Signals expert Naima Kaabouch has been working for several years on technology that could provide earlier detection of foot ulcers in people like diabetics, before those ulcers break through the skin and lead to more serious health consequences, such as amputation.

With collaborators around the world, Kaabouch is also working on the earlier detection of cancer by finding signals that tell clinicians about microcalcification, early warning signs of cancers such as breast and prostate. Microcalcifications are very small calcium deposits and are the smallest particles that a mammogram can detect. They’re normal as women age, but they also can signal the presence of cancer.

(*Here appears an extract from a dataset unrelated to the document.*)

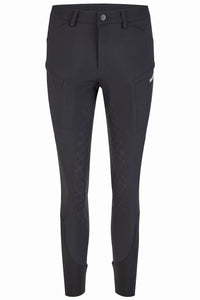 Eskadron Bryczesy jeździeckie męskie z lejem kolanowym Navy Heritage AW 24/25 - Cavalo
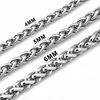 HNSP 316L Stainless Steel Hand Chain Link Bracelet For Men Women Gift Wholesale ► Photo 2/6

“In many organs, cancer starts at a microscopic level,” said Kaabouch. “We are developing techniques that are safe and will enhance existing devices to show these microscopic hints about the potential for cancer before it becomes a tumor. It’s about seeing more accurately.

“For foot ulcers, it’s the same — we spend millions annually in this country on diabetes-related amputations,” said Kaabouch. “These diabetic ulcers start invisibly. Then when you see them, it’s too late. So we’re developing technology to analyze the temperature of the foot, looking for areas where there are temperature differences, a sign that something is wrong.”

“Among the ideas we’ve worked on — and are looking to develop — are temperature sensors in the shoes of diabetic patients.”


Naima Kaabouch’s research interests include signal/imaging processing, sensing, smart systems, wireless communications, and cognitive radio systems. At the University’s Founders Day banquet in February 2016, she was honored with the UND Foundation/B.C Gamble Faculty Award for Excellence in Teaching, Research or Creative Activity, and Service.